- HOW TO COMPLETE THIS TASK: Would you print the lines below exactly, beginning at the line that has "Ranbir-Deepika-Moments-10" and stopping after the line that has "Feather Pendant Lariat Necklace - Gold Tone"? Only those lines, and no pictures.

- DATA FOR THE TASK:
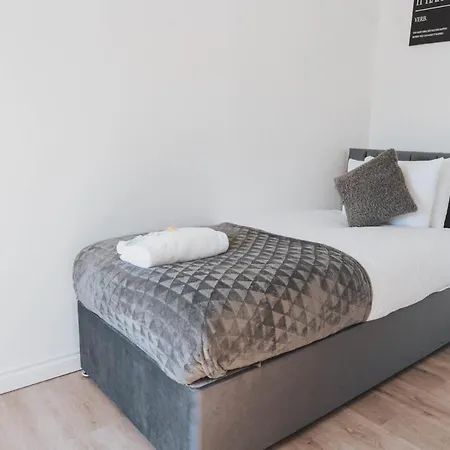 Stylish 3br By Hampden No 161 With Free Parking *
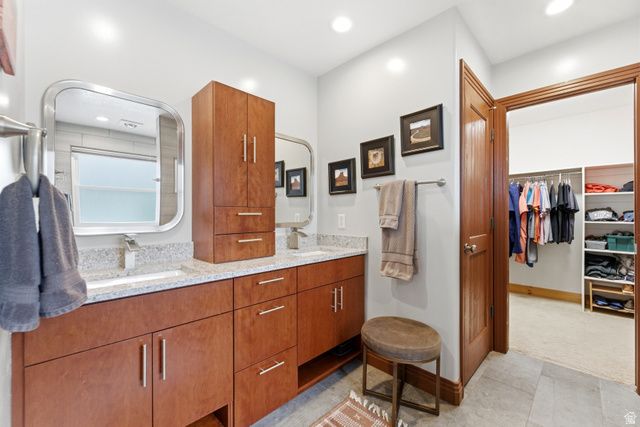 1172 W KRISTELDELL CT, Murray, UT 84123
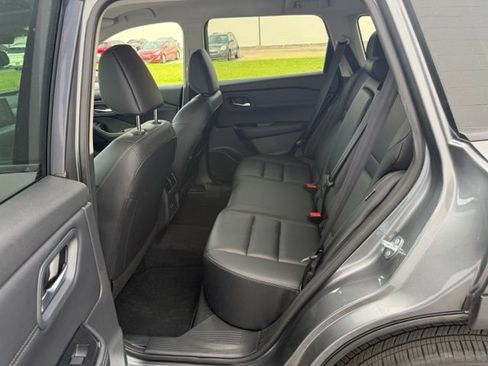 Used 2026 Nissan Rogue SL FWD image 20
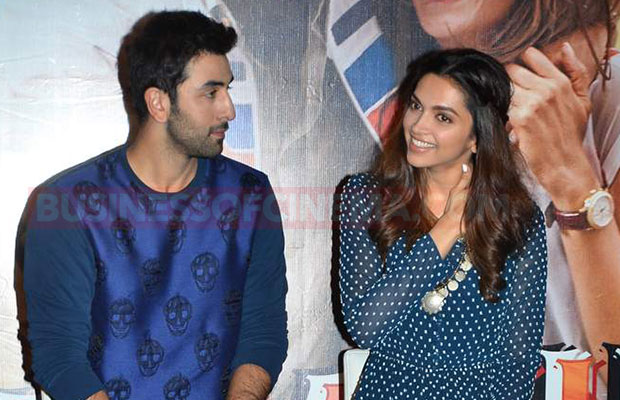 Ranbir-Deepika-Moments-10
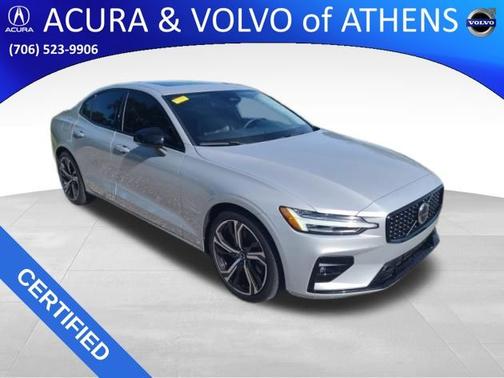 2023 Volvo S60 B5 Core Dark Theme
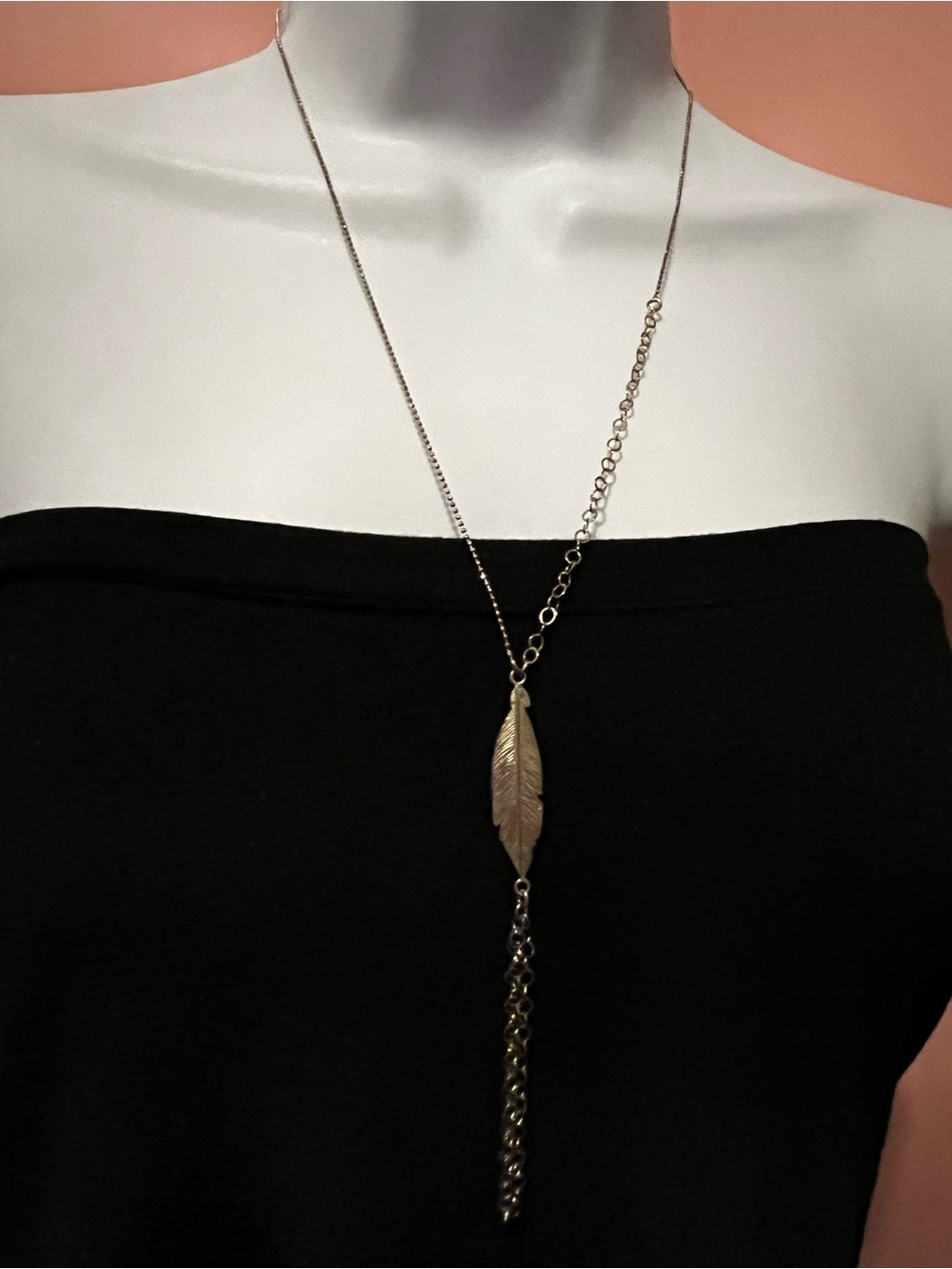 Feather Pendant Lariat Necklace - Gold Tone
* * *
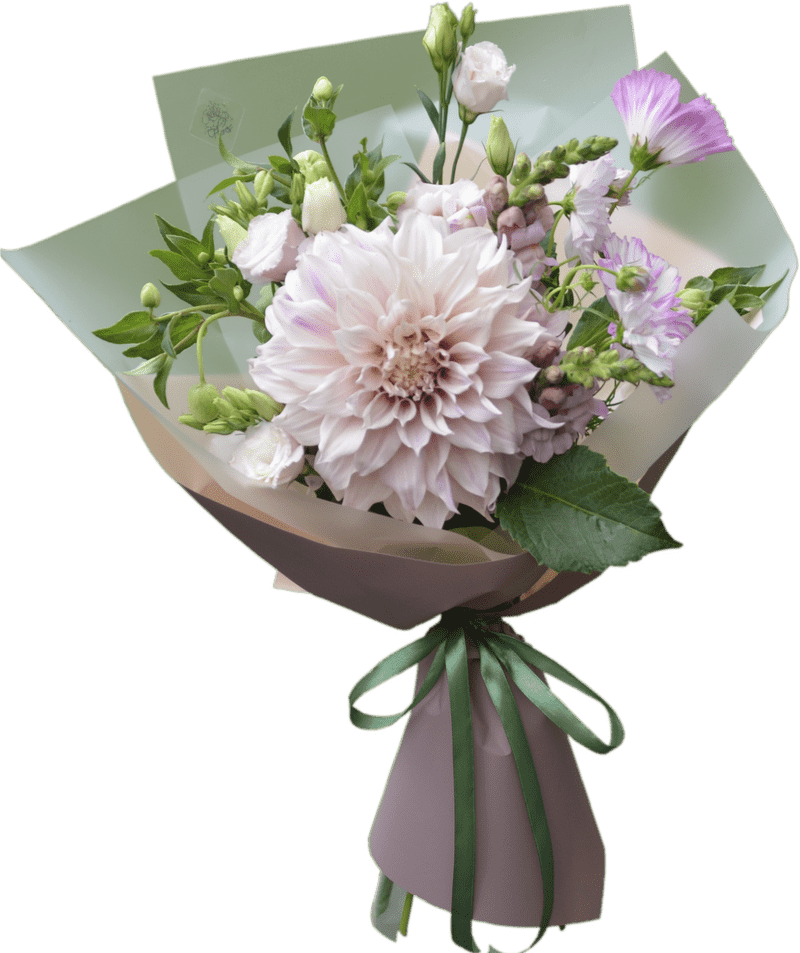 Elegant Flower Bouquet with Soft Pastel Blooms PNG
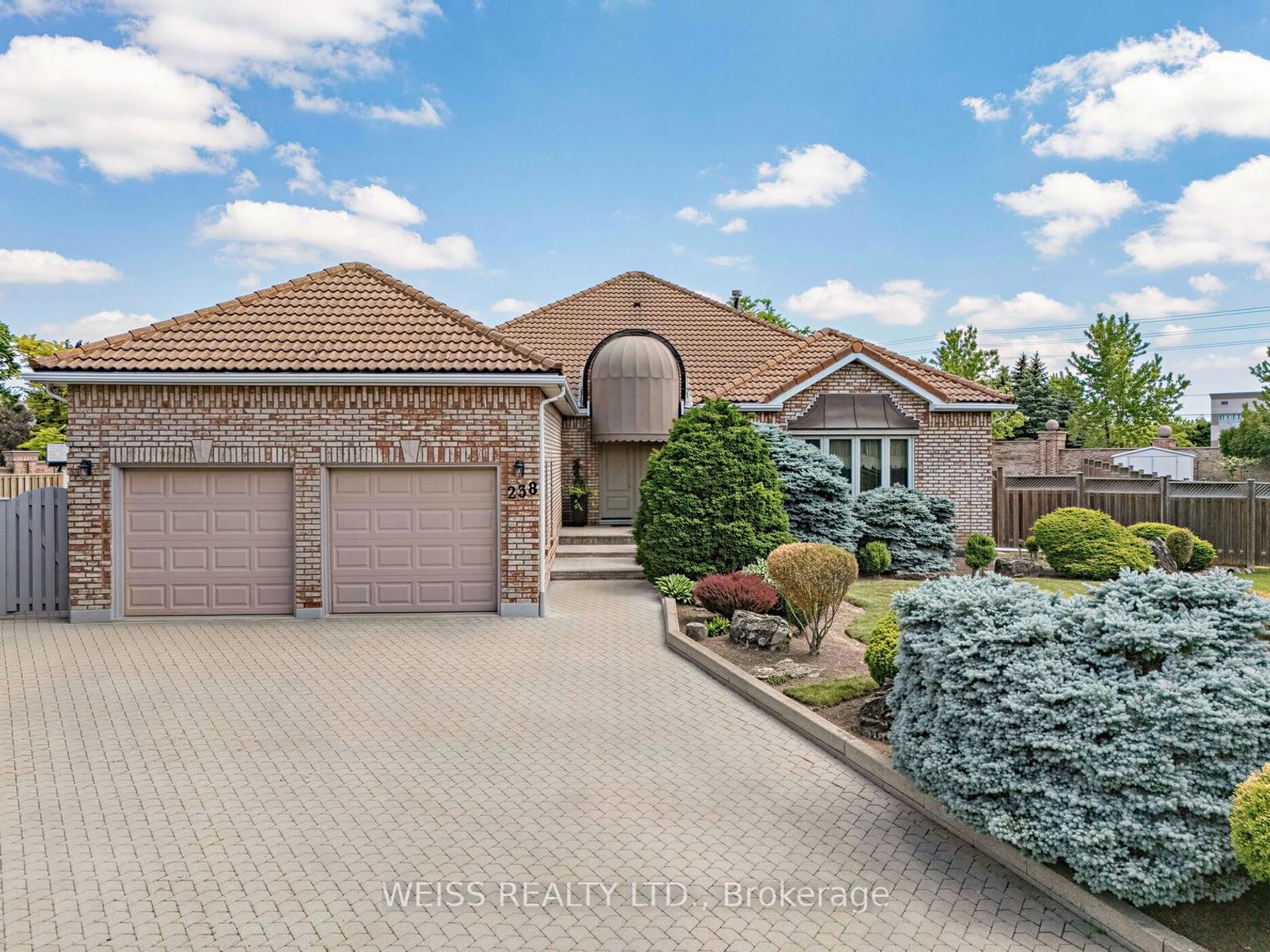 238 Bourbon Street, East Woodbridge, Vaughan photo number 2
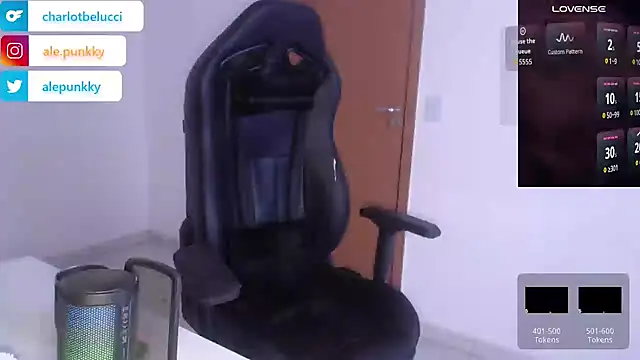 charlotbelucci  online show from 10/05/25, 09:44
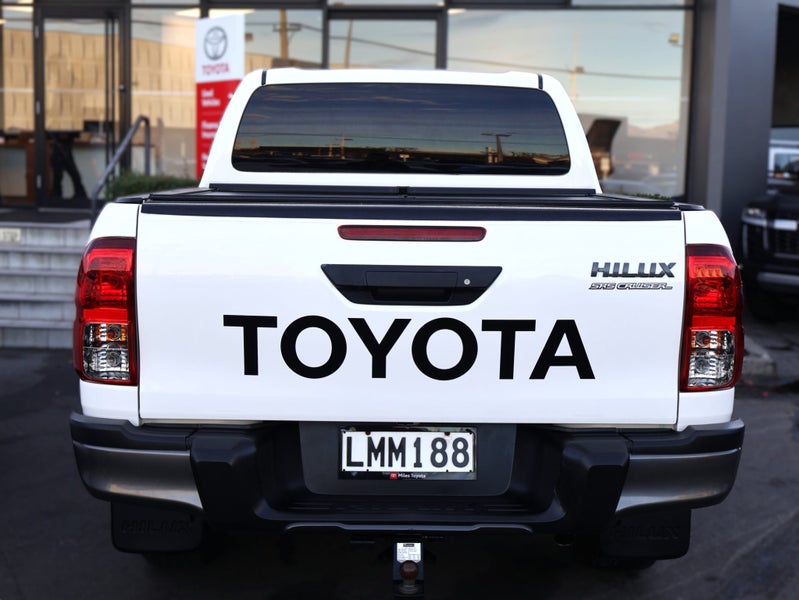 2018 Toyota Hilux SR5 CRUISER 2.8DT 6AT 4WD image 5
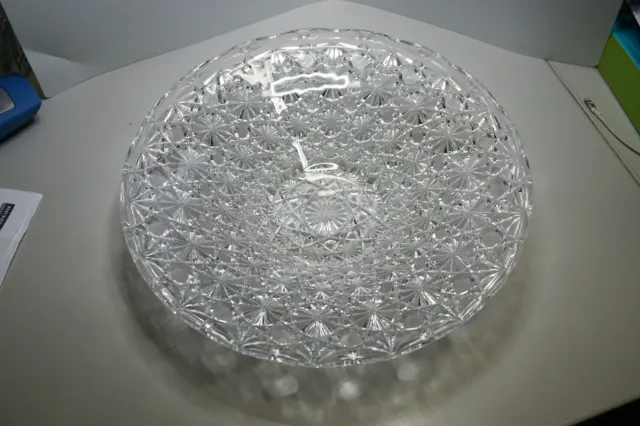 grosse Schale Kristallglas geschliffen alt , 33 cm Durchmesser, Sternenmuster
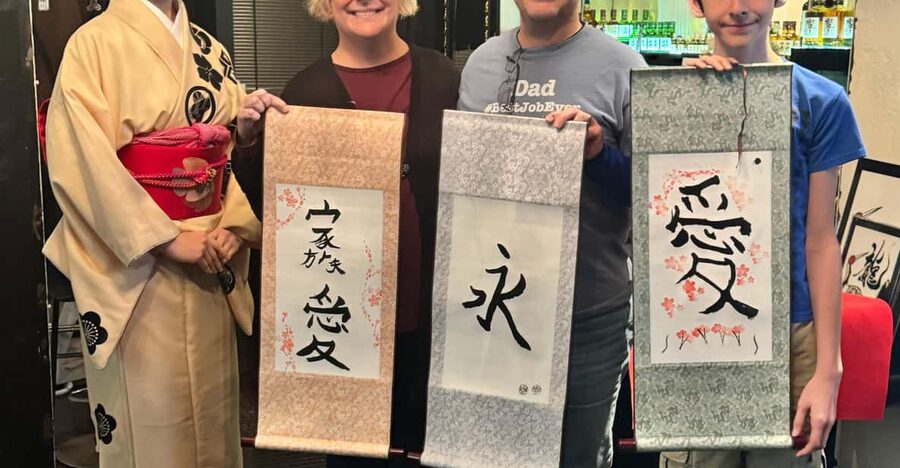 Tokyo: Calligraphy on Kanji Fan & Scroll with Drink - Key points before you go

- TASK OUTPUT:
 Ranbir-Deepika-Moments-10
 2023 Volvo S60 B5 Core Dark Theme
 Feather Pendant Lariat Necklace - Gold Tone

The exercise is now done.